The Tsleil-Waututh Nation says the likelihood of a spill in Burrard Inlet over the next 50 years is as high as 87 per cent. But this alarmist message includes small spills of less than 1,000 barrels.
In fact, there has never been an oil spill – or any major incident – involving a tanker on Canada’s West Coast.
The federal Pilotage Act of 1972 demands the highest tanker traffic safeguards. Two Transport Canada-licensed marine pilots must take control of any tanker passing through Canadian waters.
These marine pilots and the authorities who govern them are accountable to the public, not to the companies that own the ships.
“Tankers don’t keep me up at night,” says Kevin Obermeyer, CEO of Pacific Pilotage Authority. “Other things do, but not tankers because we have so many levels of safety.”
Western Canada Marine Response Corp., which is responsible for protecting and responding to a marine spill along the 27,000 km of B.C. coastline, regularly hosts public education demonstrations.
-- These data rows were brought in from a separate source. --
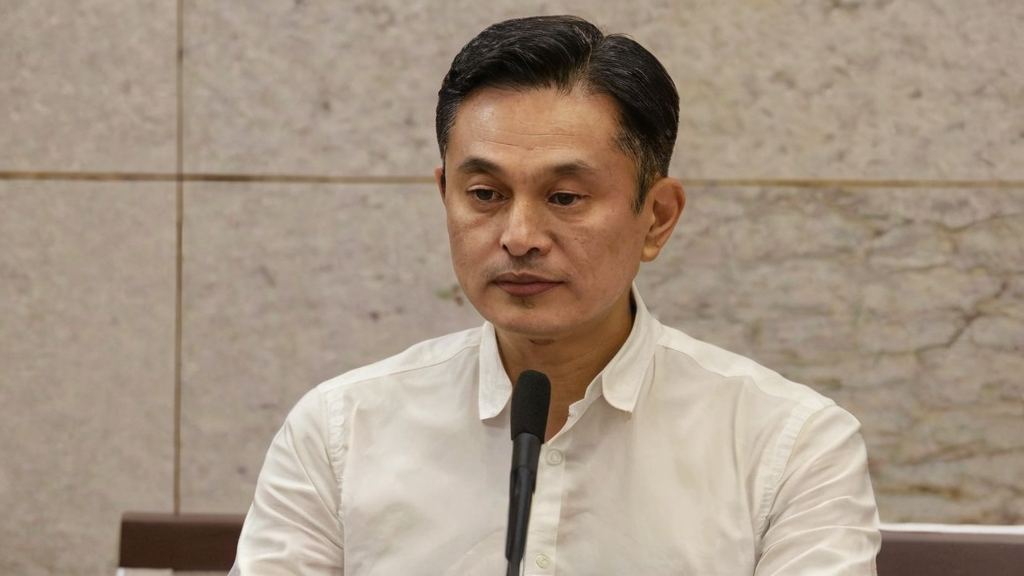 娱乐吃瓜酱男生独处引发关注 仿佛能触摸到明星脸部的背后故事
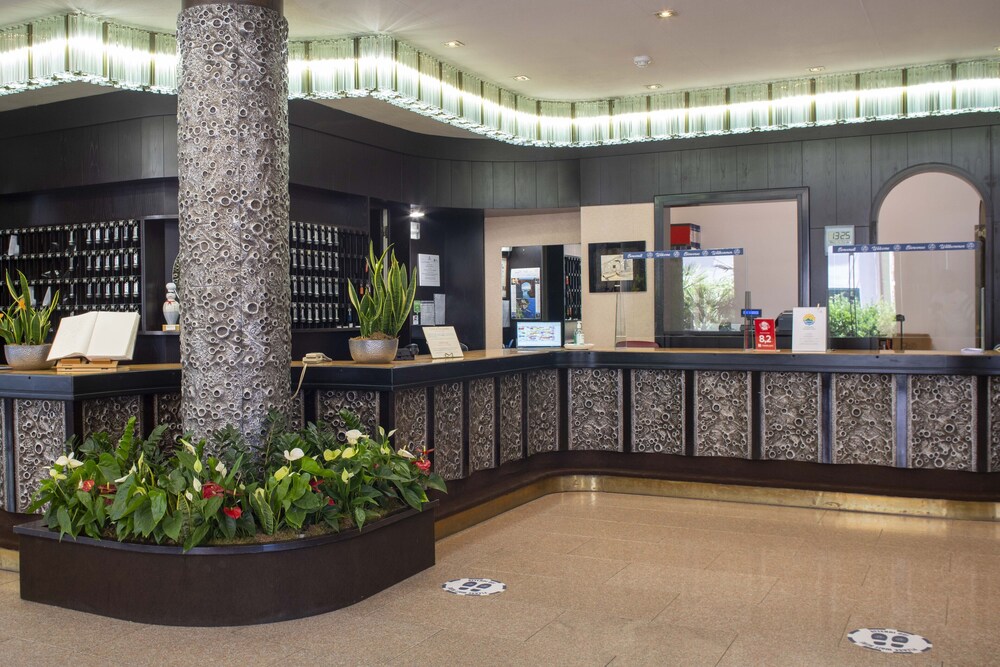 

Milano - Cetara - Hotel Pietra di Luna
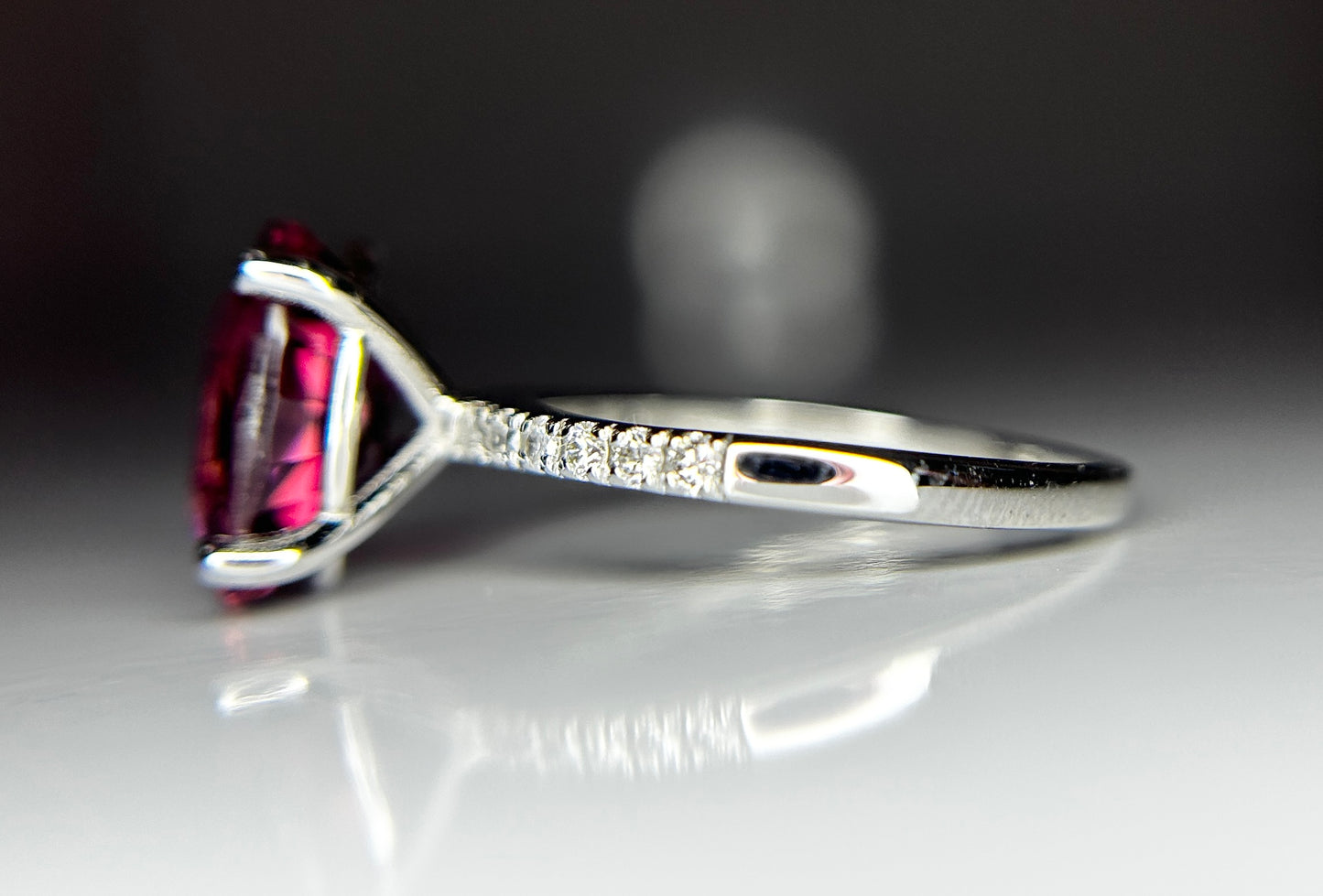 Beautiful 3.60CT Natural Pink Tourmaline With Natural Diamonds & 18k Gold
They were in Coal Harbour recently simulating a spill recovery, with more skimmers and recovery boats than you ever want to see that close to the city.
The Transport Canada-certified organization showed off one of three new oil spill response vessels bought to enhance marine safety as tanker traffic increases, at $5.8 million each. A fourth will be added now that the pipeline expansion has been approved.
Vancouver Harbour has never been so well protected. Some $150 million will be invested in oil spill response enhancements, including a new base in Vancouver with crews monitoring marine traffic around the clock for the first time.
Western Canada Marine Response Corp. is doubling its employees, adding more than 120 full-time jobs and 40 new response vessels. That will reduce initial response times to a maximum of two hours for Vancouver Harbour and the Fraser River west of Port Mann Bridge.
It’s all being done to ensure that Canadians can enjoy the benefits of getting our oil to market, without suffering the catastrophe of a major spill.
And hopefully it puts an end to uninformed concerns about pipeline expansion.